▶ **WORK TO COMPLETE**
I need an exact copy of the lines from the one containing "An African lady with a painted on face mask" through the end of the records, without any pictures.

▶ **INPUT FOR THIS TASK**
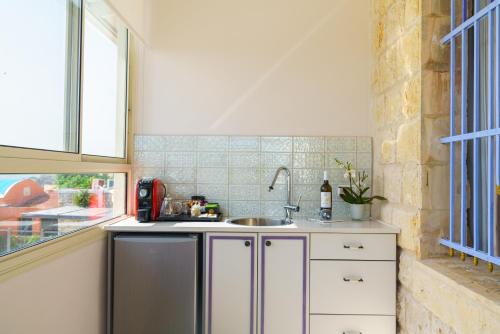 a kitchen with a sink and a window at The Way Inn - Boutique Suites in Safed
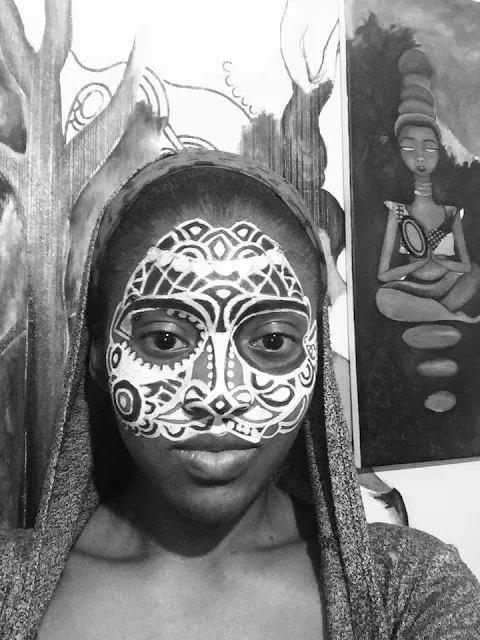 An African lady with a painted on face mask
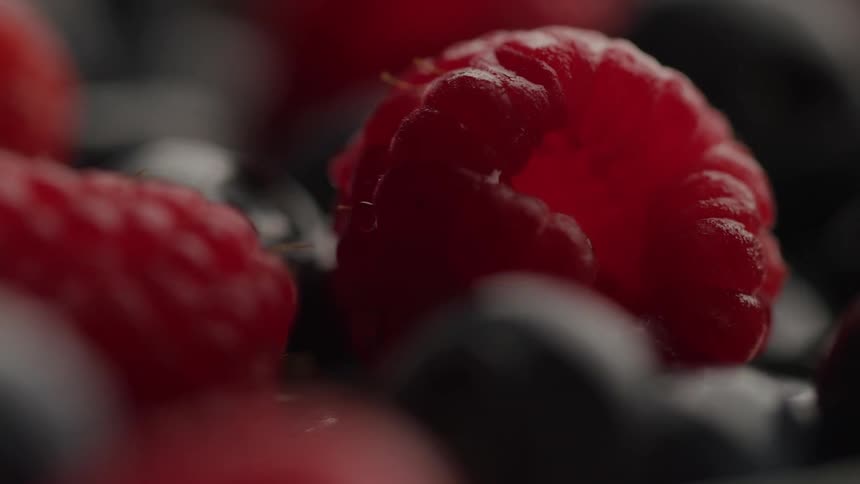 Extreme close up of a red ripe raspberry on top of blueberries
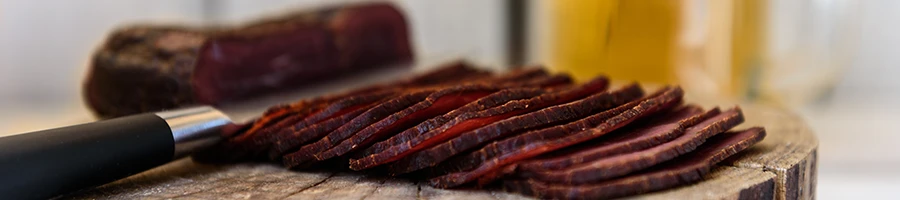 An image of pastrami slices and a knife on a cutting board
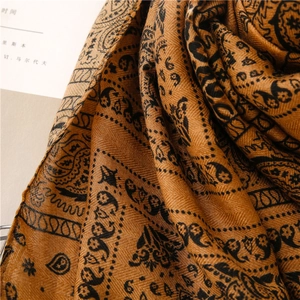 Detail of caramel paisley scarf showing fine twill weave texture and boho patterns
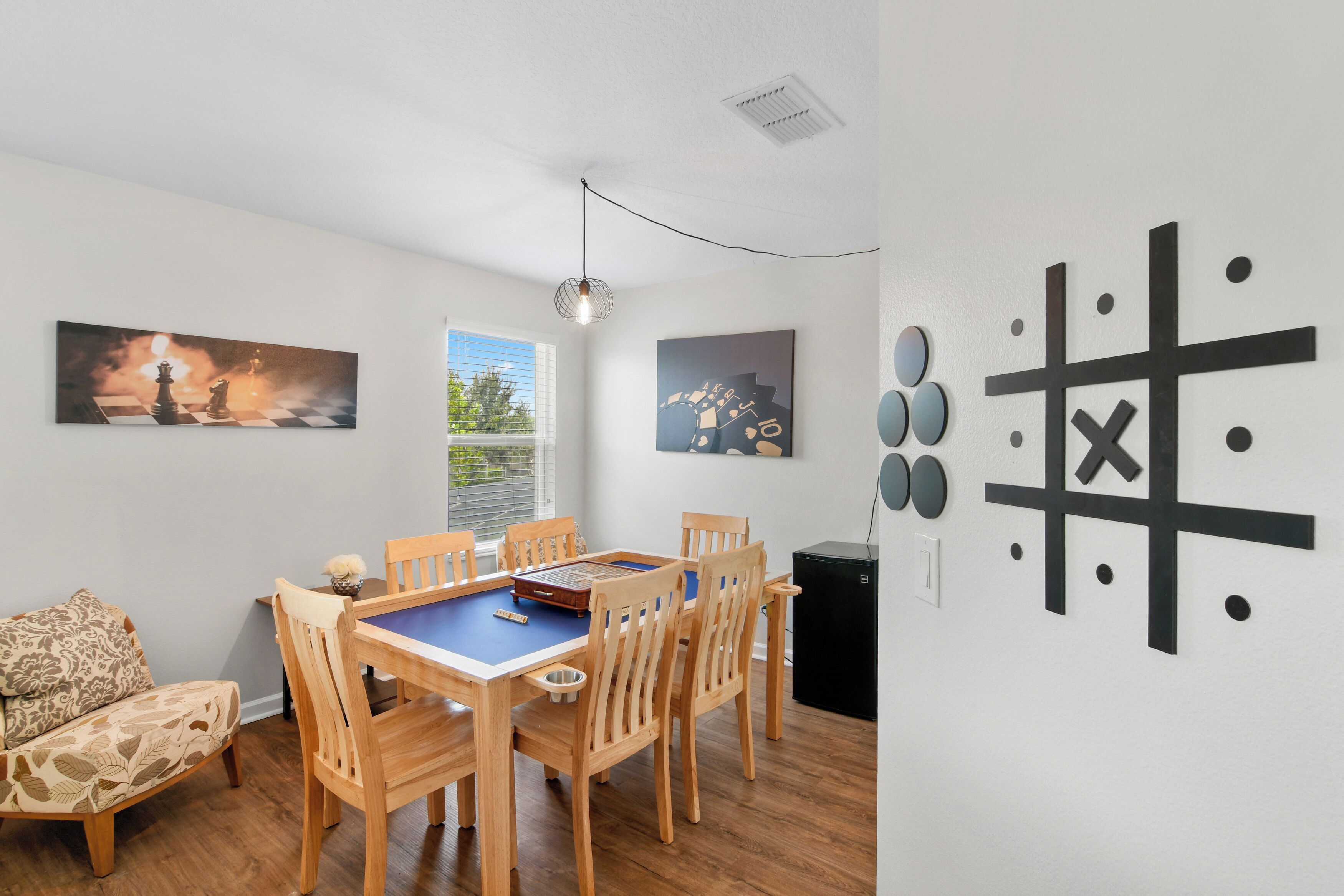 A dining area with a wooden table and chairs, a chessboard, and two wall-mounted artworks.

▶ **ANSWER SECTION**
 An African lady with a painted on face mask
 Extreme close up of a red ripe raspberry on top of blueberries
 An image of pastrami slices and a knife on a cutting board
 Detail of caramel paisley scarf showing fine twill weave texture and boho patterns
 A dining area with a wooden table and chairs, a chessboard, and two wall-mounted artworks.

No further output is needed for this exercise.